ASSIGNED TASK:
Return, from the data that follows, each line that holds the word "Center".

EXCERPTED DATA:
# # #

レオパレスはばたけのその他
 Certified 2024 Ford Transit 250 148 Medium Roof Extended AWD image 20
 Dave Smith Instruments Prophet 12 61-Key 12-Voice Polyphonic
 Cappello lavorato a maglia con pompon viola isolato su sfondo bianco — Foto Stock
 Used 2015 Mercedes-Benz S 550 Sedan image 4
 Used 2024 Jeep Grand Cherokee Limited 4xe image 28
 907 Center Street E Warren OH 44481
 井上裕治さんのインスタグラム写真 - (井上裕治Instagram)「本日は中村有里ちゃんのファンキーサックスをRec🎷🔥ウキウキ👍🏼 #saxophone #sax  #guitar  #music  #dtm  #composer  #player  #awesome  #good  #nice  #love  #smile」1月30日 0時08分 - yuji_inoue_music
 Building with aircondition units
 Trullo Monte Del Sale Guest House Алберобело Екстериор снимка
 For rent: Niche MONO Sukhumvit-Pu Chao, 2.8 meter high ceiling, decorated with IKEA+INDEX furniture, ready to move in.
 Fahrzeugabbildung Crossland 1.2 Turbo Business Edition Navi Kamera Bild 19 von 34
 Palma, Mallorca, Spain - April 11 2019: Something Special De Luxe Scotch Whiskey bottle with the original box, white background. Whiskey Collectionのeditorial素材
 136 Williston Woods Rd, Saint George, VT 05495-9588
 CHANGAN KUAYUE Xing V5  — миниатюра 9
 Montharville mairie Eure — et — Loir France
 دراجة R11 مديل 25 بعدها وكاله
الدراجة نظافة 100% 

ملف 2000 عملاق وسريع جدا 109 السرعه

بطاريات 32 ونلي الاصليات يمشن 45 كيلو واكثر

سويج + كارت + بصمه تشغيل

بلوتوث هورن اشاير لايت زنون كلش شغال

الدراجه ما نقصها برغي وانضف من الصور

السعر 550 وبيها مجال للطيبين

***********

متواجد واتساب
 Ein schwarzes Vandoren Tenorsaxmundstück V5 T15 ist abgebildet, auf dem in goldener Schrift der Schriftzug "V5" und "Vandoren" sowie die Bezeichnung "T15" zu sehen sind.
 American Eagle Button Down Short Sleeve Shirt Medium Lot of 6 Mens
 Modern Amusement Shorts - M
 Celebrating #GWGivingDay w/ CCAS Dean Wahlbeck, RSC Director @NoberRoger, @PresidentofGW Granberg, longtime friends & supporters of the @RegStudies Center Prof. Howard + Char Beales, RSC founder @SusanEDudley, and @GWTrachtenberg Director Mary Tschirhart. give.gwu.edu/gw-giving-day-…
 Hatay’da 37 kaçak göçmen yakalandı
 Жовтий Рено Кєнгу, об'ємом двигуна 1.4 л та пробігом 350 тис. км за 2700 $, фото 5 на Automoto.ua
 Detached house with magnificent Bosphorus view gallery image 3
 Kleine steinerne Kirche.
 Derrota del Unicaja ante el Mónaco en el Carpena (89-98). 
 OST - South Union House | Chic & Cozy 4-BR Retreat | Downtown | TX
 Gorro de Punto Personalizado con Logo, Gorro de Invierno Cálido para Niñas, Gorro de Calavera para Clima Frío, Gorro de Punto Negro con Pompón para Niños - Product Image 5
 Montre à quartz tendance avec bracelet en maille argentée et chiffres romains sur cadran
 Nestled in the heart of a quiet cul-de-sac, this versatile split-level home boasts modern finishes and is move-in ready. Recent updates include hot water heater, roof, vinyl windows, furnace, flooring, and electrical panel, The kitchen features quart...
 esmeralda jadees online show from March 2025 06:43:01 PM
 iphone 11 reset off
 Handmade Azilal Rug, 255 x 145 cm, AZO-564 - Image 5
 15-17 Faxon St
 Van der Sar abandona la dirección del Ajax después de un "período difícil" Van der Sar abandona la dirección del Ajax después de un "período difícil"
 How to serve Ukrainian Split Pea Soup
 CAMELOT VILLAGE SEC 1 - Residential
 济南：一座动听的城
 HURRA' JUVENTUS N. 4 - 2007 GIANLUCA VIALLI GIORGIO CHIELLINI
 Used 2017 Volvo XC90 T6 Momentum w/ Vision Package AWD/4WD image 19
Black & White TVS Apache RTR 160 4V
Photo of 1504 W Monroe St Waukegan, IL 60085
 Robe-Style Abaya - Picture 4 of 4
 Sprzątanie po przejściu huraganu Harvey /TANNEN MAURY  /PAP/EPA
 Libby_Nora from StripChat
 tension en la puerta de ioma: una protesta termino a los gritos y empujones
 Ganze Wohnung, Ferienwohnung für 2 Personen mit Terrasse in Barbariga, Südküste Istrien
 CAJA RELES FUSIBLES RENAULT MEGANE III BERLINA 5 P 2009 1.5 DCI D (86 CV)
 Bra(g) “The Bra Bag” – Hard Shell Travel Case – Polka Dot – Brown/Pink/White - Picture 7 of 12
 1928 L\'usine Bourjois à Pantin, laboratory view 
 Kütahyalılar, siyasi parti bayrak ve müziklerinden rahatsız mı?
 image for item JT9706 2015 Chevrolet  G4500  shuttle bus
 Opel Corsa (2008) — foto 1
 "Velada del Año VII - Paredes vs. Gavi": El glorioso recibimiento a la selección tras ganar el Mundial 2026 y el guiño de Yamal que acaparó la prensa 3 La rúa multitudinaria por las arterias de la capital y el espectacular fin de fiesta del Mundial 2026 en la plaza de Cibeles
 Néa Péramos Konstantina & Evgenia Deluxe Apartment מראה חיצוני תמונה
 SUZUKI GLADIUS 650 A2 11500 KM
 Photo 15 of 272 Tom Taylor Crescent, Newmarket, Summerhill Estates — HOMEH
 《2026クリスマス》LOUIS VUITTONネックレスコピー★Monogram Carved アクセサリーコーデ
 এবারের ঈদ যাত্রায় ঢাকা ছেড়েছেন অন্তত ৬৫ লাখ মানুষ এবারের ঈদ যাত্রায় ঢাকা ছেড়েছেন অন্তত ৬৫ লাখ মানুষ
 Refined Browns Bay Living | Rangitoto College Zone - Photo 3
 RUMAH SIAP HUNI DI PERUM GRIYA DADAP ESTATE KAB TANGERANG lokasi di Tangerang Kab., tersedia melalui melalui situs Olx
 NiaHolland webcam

# # #

RESPONSE BELOW:
 907 Center Street E Warren OH 44481
 Celebrating #GWGivingDay w/ CCAS Dean Wahlbeck, RSC Director @NoberRoger, @PresidentofGW Granberg, longtime friends & supporters of the @RegStudies Center Prof. Howard + Char Beales, RSC founder @SusanEDudley, and @GWTrachtenberg Director Mary Tschirhart. give.gwu.edu/gw-giving-day-…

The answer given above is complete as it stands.